5th segment: Now as we do every week at this time, we will consider the Mass readings for this Sunday, specifically the Gospel reading.
Jesus said to his disciples:
“When the Son of Man comes in his glory,
and all the angels with him,
he will sit upon his glorious throne,
and all the nations will be assembled before him.
And he will separate them one from another,
as a shepherd separates the sheep from the goats.
He will place the sheep on his right and the goats on his left.
Then the king will say to those on his right,
‘Come, you who are blessed by my Father.
Inherit the kingdom prepared for you from the foundation of the world.
For I was hungry and you gave me food,
I was thirsty and you gave me drink,
a stranger and you welcomed me,
naked and you clothed me,
ill and you cared for me,
in prison and you visited me.’
Then the righteous will answer him and say,
‘Lord, when did we see you hungry and feed you,
or thirsty and give you drink?
When did we see you a stranger and welcome you,
or naked and clothe you?
When did we see you ill or in prison, and visit you?’
And the king will say to them in reply,
‘Amen, I say to you, whatever you did
for one of the least brothers of mine, you did for me.’
Then he will say to those on his left,
‘Depart from me, you accursed,
into the eternal fire prepared for the devil and his angels.
For I was hungry and you gave me no food,
I was thirsty and you gave me no drink,
a stranger and you gave me no welcome,
naked and you gave me no clothing,
ill and in prison, and you did not care for me.’
Then they will answer and say,
‘Lord, when did we see you hungry or thirsty
or a stranger or naked or ill or in prison,
and not minister to your needs?’
He will answer them, ‘Amen, I say to you,
what you did not do for one of these least ones,
you did not do for me.’
And these will go off to eternal punishment,
but the righteous to eternal life.”
Scot said this is the Gospel for the Feast of Christ the King and the Gospel talks about service.

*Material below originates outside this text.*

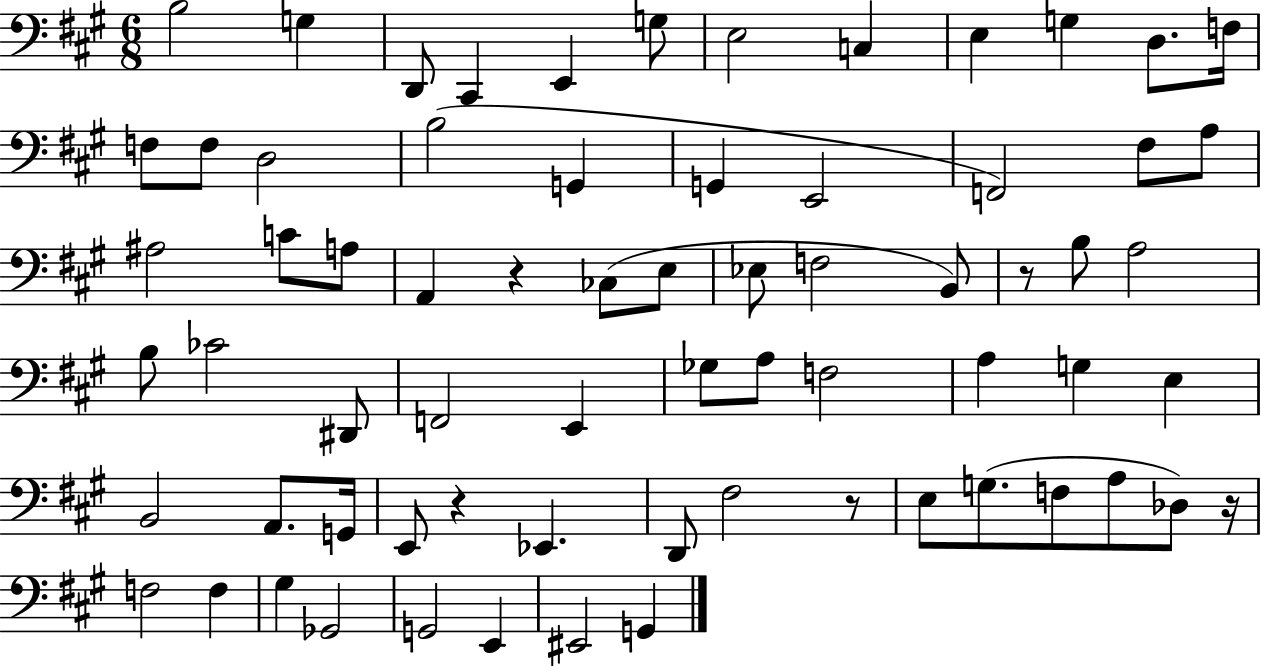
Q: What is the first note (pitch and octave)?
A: B3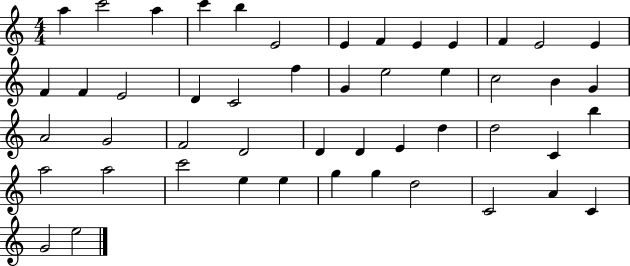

It is the corporal works of mercy, the key ways we’re to love from Sunday to Sunday. Dorothy Day of the Catholic Worker Movement said we love God to the extent to the amount we love the person we like the least. The reason you see Christ in a person is because they’ve been made in the image and likeness of Him. Fr. Mark these good people Jesus is talking to don’t remember helping someone. They don’t remember because it became just part of who they are. At the beginning it’s a conscious act, but after a while it becomes unconscious because that’s who we are.
Scot said there will be those who fail the test as well. Msgr. said there can be a complacency that sets in. He said there will be those who hear the Gospel and ask how they can serve the needs of others, but for those who are physically unable, their prayer is part of serving. Fr. Mark said Cardinal Sean’s new pastoral letter challenges us to invite others to Sunday Mass and that’s another work of mercy.
Scot said Cardinal Sean says as an archdiocese we’ve done very well at the corporal works of mercy, but we haven’t done as well at the spiritual works of mercy, like Msgr. just said. It’s through the transformation of receiving the Eucharist, it’s much more natural to do all the corporal works of mercy.